[About this exercise]: Pictures are to be excluded. Please print only the lines from the one containing "Шутки про первый снег" through the end of the data, exactly as they appear.

[Recorded information]:
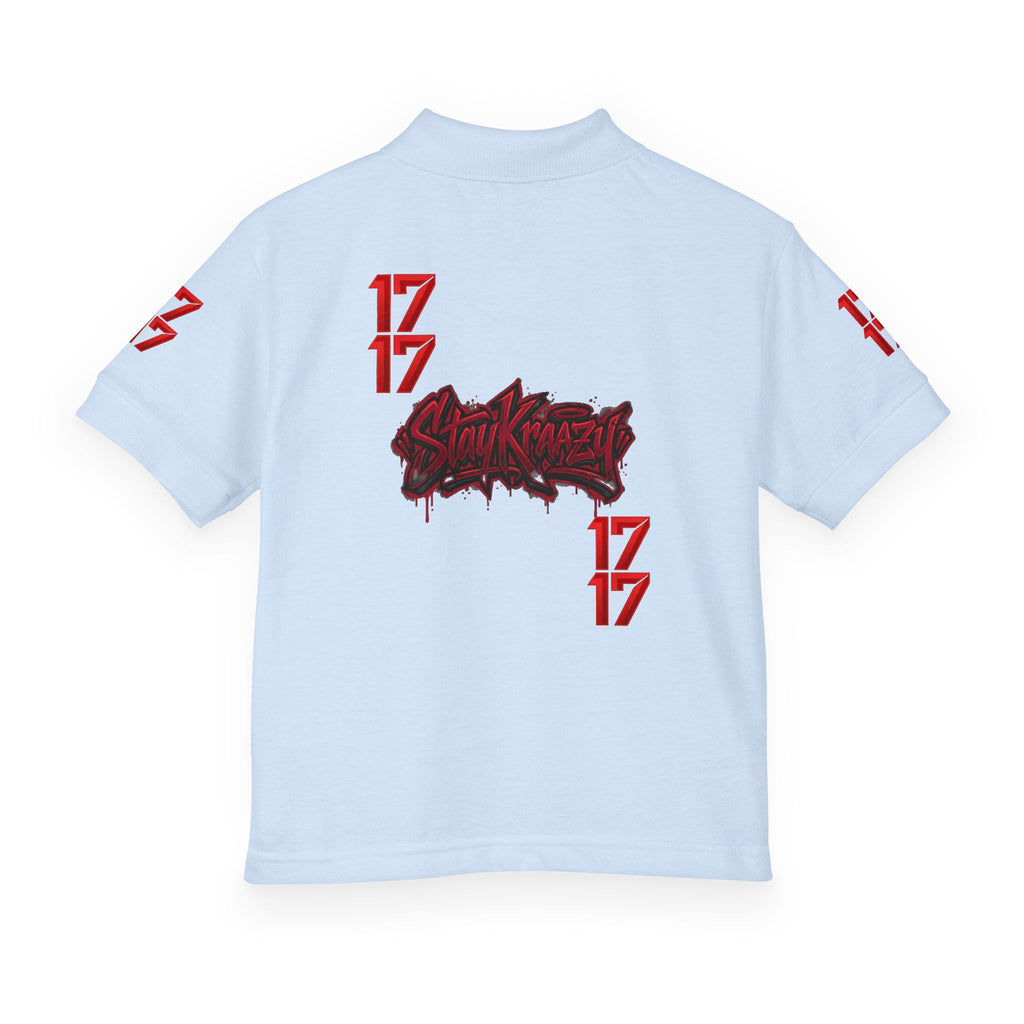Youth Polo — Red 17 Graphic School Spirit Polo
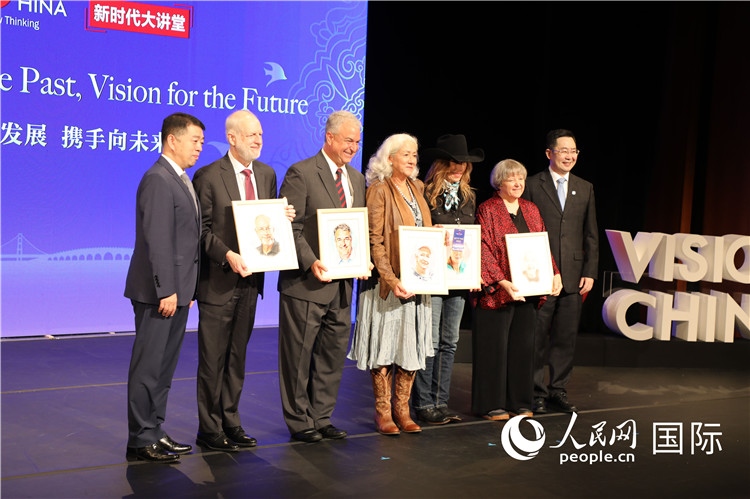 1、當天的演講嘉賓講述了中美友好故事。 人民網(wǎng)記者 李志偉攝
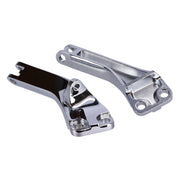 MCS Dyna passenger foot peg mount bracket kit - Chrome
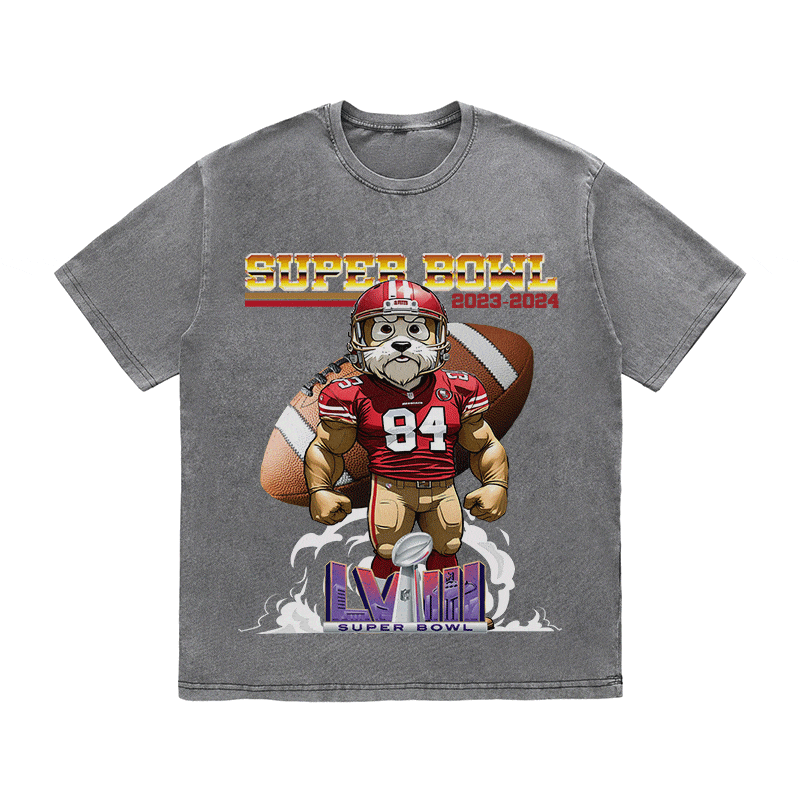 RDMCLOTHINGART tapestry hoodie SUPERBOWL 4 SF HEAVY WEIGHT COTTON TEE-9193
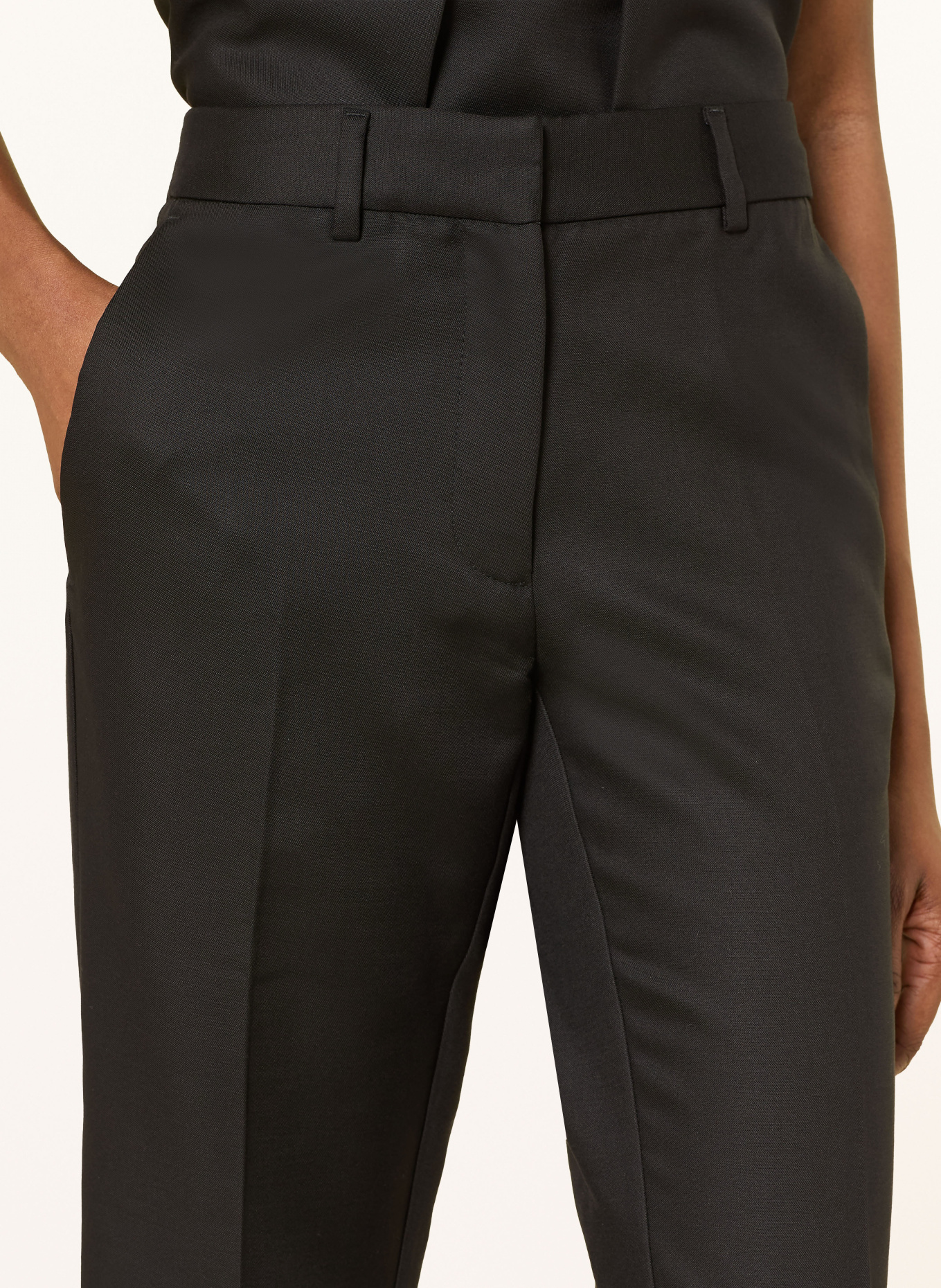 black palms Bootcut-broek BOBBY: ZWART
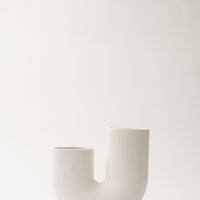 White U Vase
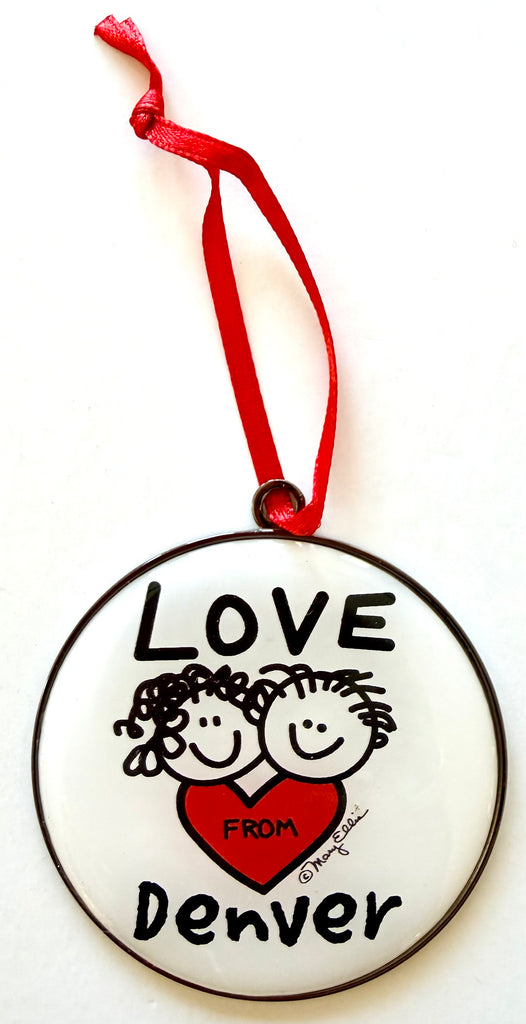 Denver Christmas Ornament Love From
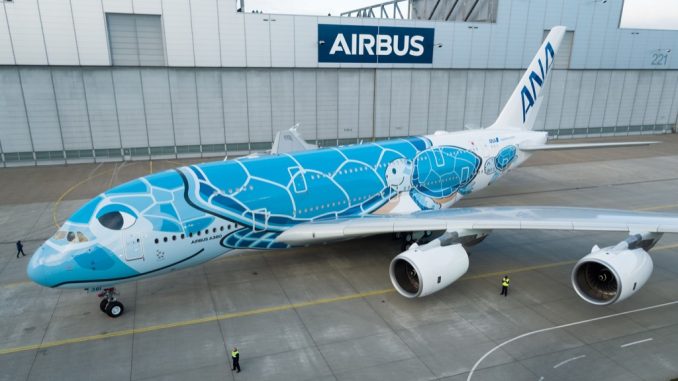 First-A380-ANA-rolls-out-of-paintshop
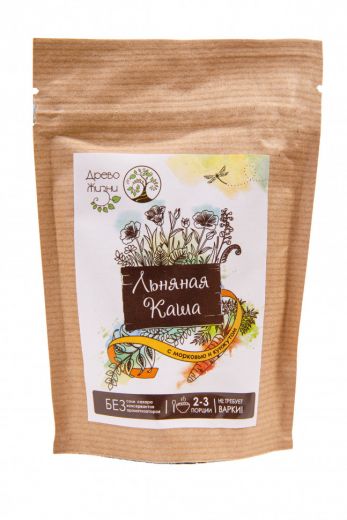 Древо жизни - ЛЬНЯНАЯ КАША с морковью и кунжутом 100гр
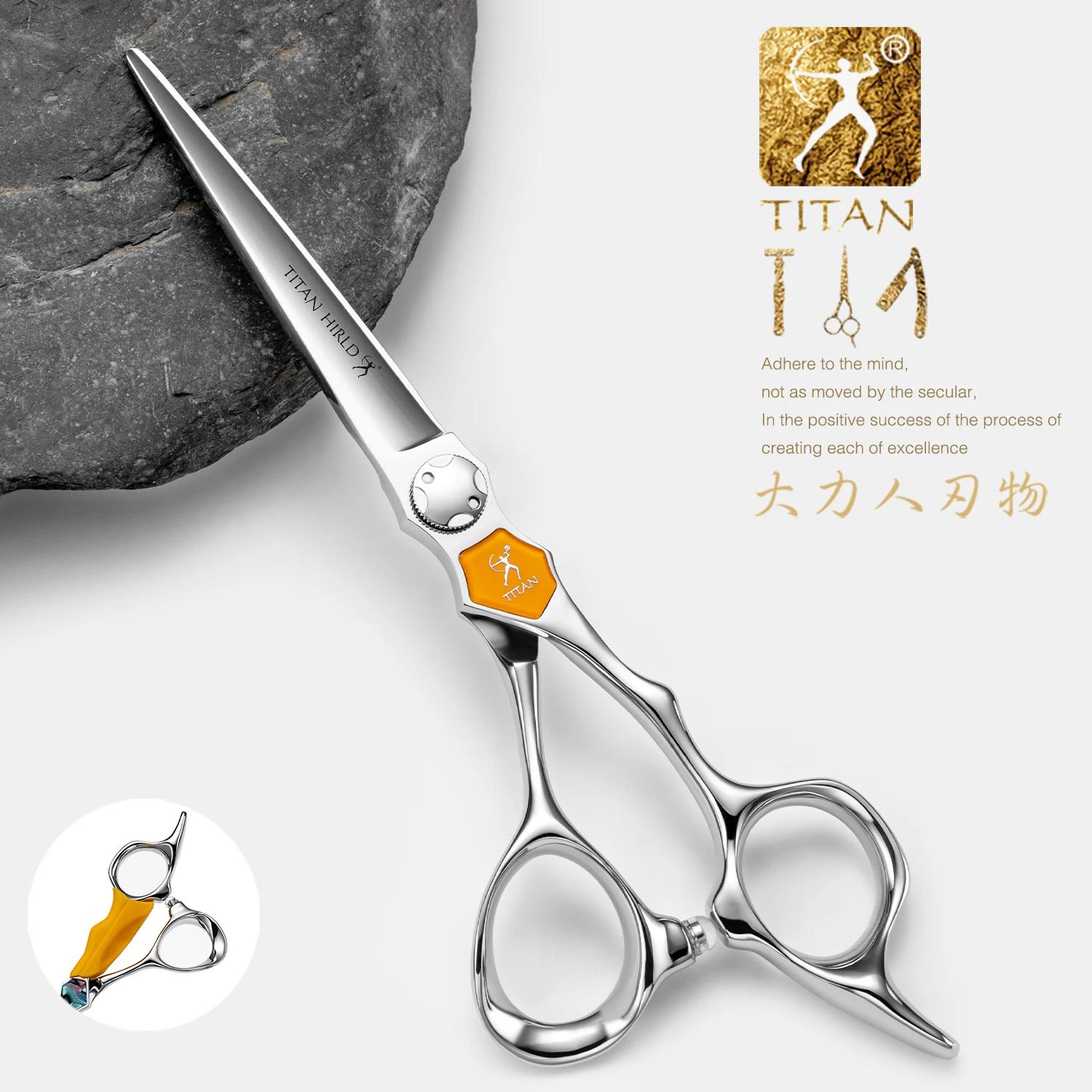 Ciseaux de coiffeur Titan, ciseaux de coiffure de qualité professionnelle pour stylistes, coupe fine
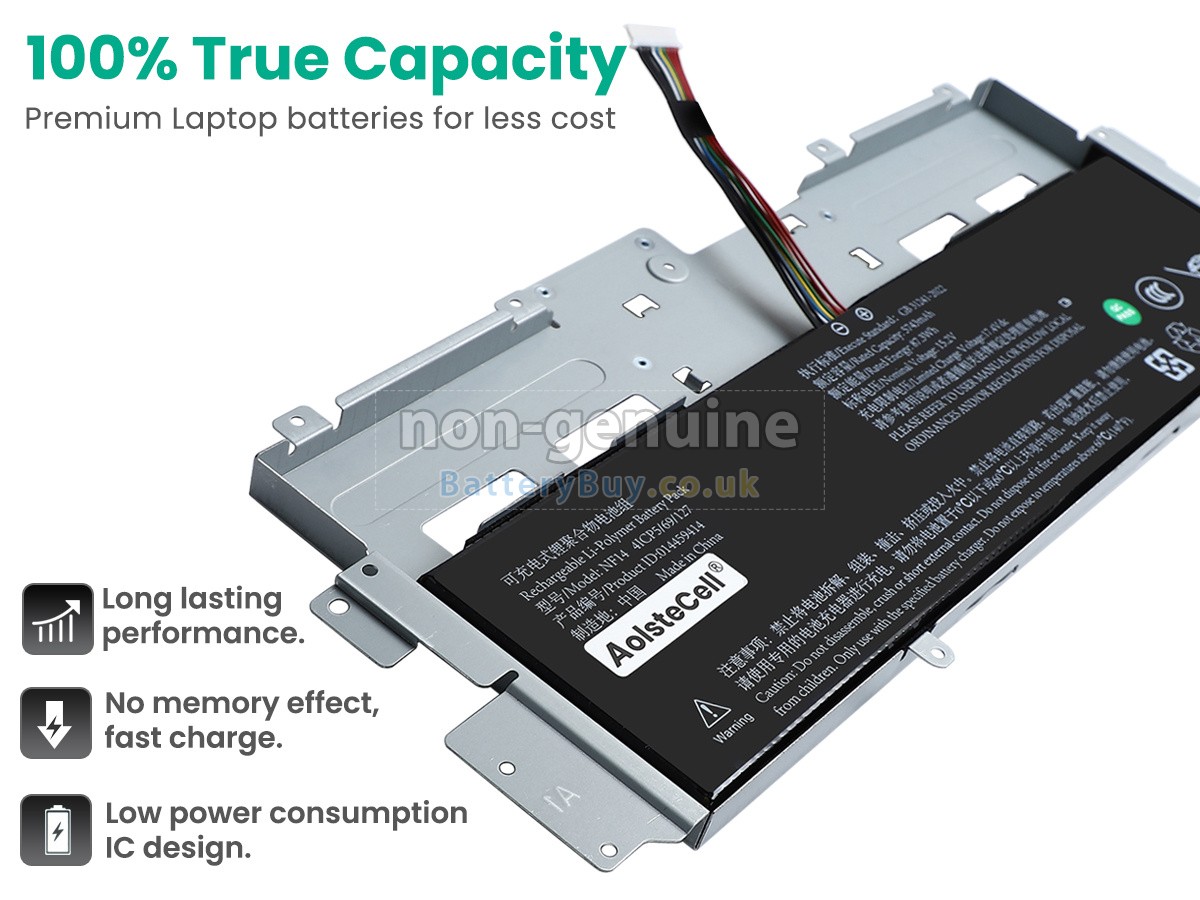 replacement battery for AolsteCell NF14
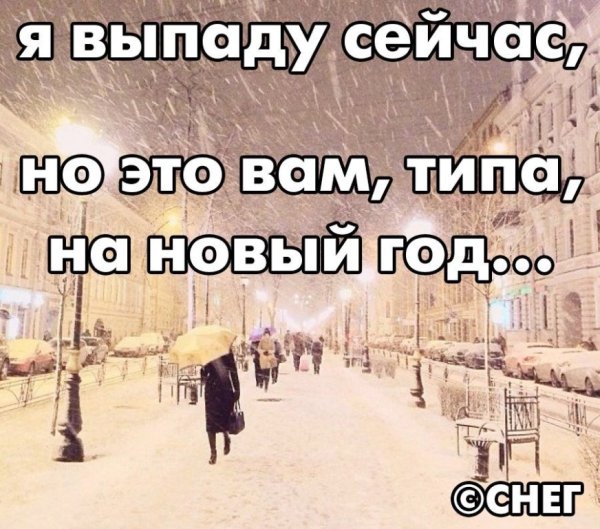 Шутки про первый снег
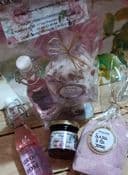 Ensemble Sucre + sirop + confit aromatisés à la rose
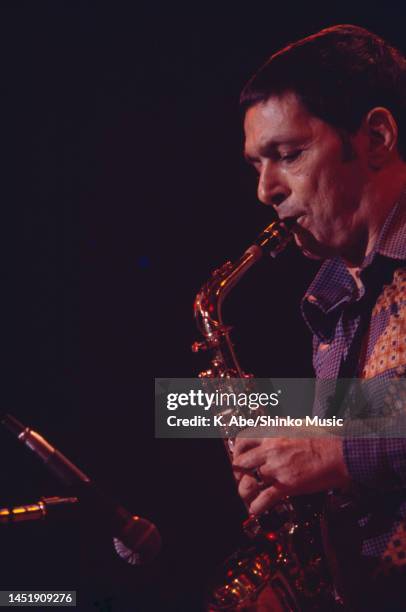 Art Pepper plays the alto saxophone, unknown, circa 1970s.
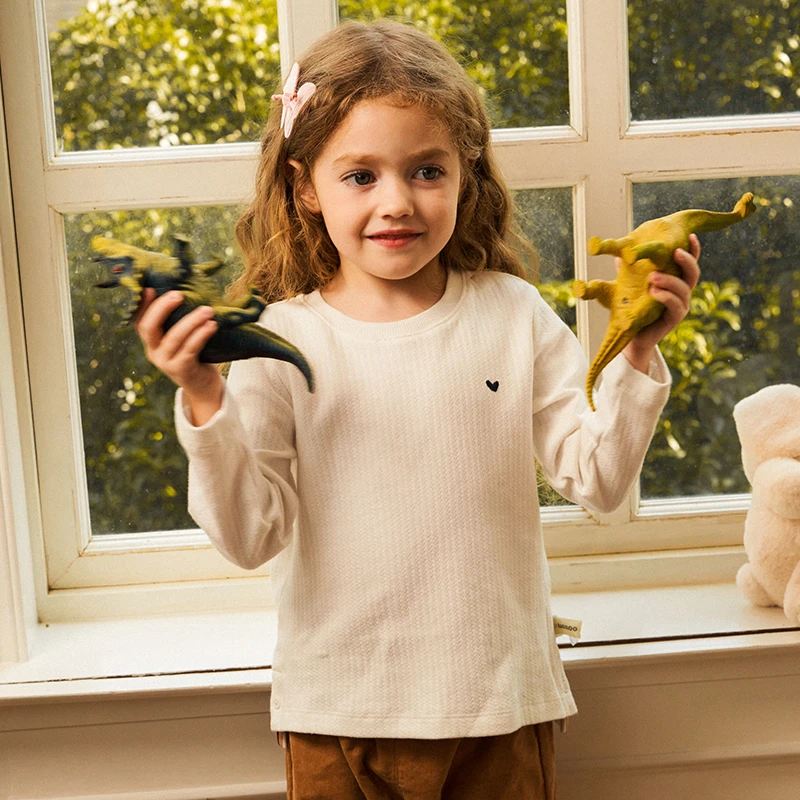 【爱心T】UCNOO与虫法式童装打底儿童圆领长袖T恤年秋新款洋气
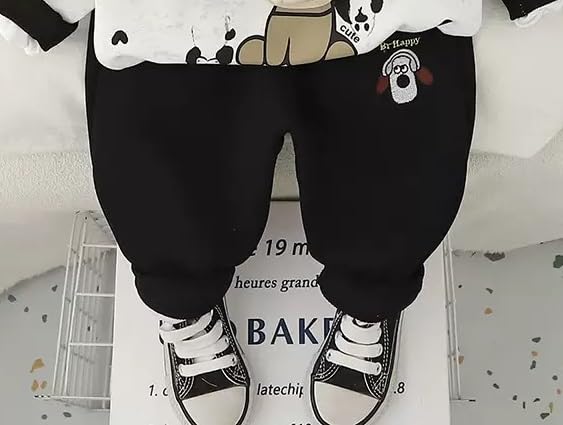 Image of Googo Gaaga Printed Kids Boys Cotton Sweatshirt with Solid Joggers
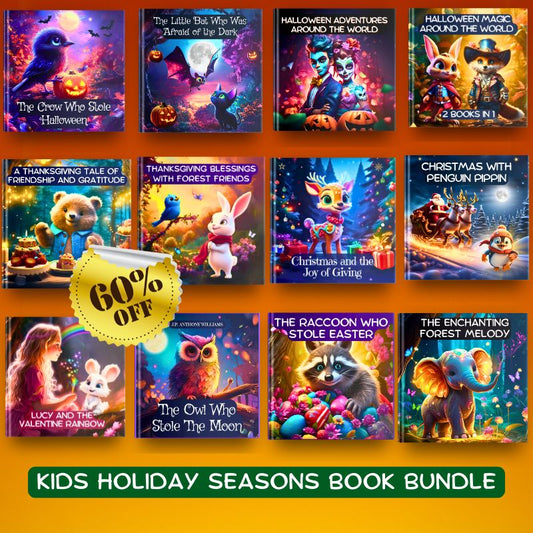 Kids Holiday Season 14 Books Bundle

[Task response]:
 Шутки про первый снег
 Ensemble Sucre + sirop + confit aromatisés à la rose
 Art Pepper plays the alto saxophone, unknown, circa 1970s.
 【爱心T】UCNOO与虫法式童装打底儿童圆领长袖T恤年秋新款洋气
 Image of Googo Gaaga Printed Kids Boys Cotton Sweatshirt with Solid Joggers
 Kids Holiday Season 14 Books Bundle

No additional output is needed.